Start of Data

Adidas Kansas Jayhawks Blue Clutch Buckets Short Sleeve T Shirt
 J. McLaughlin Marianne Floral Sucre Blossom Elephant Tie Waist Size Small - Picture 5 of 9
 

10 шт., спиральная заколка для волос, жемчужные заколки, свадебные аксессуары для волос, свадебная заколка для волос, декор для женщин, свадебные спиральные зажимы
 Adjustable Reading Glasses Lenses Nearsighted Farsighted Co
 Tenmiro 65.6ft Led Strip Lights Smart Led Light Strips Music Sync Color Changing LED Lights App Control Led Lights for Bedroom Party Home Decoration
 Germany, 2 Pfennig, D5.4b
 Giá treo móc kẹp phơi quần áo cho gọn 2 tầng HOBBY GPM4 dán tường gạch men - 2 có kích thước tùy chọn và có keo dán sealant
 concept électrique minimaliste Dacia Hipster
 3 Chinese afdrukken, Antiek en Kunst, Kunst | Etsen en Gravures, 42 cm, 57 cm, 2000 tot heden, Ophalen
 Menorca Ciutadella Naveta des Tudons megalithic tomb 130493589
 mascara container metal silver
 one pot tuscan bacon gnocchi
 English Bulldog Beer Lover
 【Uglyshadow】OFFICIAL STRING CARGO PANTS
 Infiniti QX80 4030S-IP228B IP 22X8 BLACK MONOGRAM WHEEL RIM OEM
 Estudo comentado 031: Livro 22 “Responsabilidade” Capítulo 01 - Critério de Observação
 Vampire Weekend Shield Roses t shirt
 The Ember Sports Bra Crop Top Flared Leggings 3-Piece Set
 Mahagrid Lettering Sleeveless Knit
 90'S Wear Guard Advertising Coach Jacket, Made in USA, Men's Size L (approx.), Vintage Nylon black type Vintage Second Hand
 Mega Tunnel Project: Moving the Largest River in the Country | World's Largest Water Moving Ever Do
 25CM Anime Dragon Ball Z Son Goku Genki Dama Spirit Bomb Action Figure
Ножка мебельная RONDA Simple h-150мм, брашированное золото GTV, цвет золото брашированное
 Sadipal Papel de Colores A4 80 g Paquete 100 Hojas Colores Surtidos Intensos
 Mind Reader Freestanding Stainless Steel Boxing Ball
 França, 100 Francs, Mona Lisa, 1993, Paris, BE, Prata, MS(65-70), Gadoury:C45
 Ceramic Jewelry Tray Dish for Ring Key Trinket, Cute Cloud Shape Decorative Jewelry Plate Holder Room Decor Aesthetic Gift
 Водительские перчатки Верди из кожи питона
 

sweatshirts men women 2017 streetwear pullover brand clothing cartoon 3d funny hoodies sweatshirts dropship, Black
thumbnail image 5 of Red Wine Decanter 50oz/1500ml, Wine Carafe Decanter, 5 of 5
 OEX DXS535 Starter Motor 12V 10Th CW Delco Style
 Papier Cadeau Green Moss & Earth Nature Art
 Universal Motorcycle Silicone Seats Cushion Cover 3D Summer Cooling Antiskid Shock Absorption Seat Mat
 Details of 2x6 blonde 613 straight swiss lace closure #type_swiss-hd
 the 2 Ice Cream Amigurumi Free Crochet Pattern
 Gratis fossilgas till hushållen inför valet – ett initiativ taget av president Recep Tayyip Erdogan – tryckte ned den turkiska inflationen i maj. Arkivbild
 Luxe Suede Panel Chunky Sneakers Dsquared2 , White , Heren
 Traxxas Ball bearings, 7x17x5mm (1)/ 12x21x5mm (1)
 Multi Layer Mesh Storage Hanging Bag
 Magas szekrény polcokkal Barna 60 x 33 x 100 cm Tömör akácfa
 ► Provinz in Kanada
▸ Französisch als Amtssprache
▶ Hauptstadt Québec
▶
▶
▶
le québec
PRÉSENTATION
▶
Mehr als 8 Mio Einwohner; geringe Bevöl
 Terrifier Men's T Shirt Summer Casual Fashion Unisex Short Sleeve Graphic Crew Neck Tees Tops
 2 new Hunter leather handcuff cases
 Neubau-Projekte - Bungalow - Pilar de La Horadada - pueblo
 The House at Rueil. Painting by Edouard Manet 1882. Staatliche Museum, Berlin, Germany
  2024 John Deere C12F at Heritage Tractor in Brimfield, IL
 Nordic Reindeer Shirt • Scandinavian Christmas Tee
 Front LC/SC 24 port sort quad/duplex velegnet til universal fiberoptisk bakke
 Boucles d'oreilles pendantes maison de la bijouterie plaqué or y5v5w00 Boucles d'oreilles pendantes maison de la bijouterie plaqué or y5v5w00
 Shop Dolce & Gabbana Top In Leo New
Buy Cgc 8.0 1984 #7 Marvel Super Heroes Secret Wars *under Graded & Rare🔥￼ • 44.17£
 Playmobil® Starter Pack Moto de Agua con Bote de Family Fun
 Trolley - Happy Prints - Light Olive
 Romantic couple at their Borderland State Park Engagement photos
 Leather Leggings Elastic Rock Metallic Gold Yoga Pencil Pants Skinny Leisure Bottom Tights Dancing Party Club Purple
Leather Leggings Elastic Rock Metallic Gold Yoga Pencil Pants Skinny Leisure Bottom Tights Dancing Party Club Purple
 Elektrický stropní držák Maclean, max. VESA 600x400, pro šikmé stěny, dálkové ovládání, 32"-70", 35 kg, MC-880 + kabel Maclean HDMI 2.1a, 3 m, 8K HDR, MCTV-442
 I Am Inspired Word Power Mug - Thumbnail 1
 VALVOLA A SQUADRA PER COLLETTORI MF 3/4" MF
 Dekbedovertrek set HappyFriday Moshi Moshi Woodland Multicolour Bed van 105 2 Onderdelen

End of Data

■ **Exercise**
The required output is the stretch of entries above from the line containing "Mega Tunnel Project: Moving" through the line containing "or y5v5w00 Boucles", reproduced exactly.

■ **Response to this task**
 Mega Tunnel Project: Moving the Largest River in the Country | World's Largest Water Moving Ever Do
 25CM Anime Dragon Ball Z Son Goku Genki Dama Spirit Bomb Action Figure
Ножка мебельная RONDA Simple h-150мм, брашированное золото GTV, цвет золото брашированное
 Sadipal Papel de Colores A4 80 g Paquete 100 Hojas Colores Surtidos Intensos
 Mind Reader Freestanding Stainless Steel Boxing Ball
 França, 100 Francs, Mona Lisa, 1993, Paris, BE, Prata, MS(65-70), Gadoury:C45
 Ceramic Jewelry Tray Dish for Ring Key Trinket, Cute Cloud Shape Decorative Jewelry Plate Holder Room Decor Aesthetic Gift
 Водительские перчатки Верди из кожи питона
 

sweatshirts men women 2017 streetwear pullover brand clothing cartoon 3d funny hoodies sweatshirts dropship, Black
thumbnail image 5 of Red Wine Decanter 50oz/1500ml, Wine Carafe Decanter, 5 of 5
 OEX DXS535 Starter Motor 12V 10Th CW Delco Style
 Papier Cadeau Green Moss & Earth Nature Art
 Universal Motorcycle Silicone Seats Cushion Cover 3D Summer Cooling Antiskid Shock Absorption Seat Mat
 Details of 2x6 blonde 613 straight swiss lace closure #type_swiss-hd
 the 2 Ice Cream Amigurumi Free Crochet Pattern
 Gratis fossilgas till hushållen inför valet – ett initiativ taget av president Recep Tayyip Erdogan – tryckte ned den turkiska inflationen i maj. Arkivbild
 Luxe Suede Panel Chunky Sneakers Dsquared2 , White , Heren
 Traxxas Ball bearings, 7x17x5mm (1)/ 12x21x5mm (1)
 Multi Layer Mesh Storage Hanging Bag
 Magas szekrény polcokkal Barna 60 x 33 x 100 cm Tömör akácfa
 ► Provinz in Kanada
▸ Französisch als Amtssprache
▶ Hauptstadt Québec
▶
▶
▶
le québec
PRÉSENTATION
▶
Mehr als 8 Mio Einwohner; geringe Bevöl
 Terrifier Men's T Shirt Summer Casual Fashion Unisex Short Sleeve Graphic Crew Neck Tees Tops
 2 new Hunter leather handcuff cases
 Neubau-Projekte - Bungalow - Pilar de La Horadada - pueblo
 The House at Rueil. Painting by Edouard Manet 1882. Staatliche Museum, Berlin, Germany
  2024 John Deere C12F at Heritage Tractor in Brimfield, IL
 Nordic Reindeer Shirt • Scandinavian Christmas Tee
 Front LC/SC 24 port sort quad/duplex velegnet til universal fiberoptisk bakke
 Boucles d'oreilles pendantes maison de la bijouterie plaqué or y5v5w00 Boucles d'oreilles pendantes maison de la bijouterie plaqué or y5v5w00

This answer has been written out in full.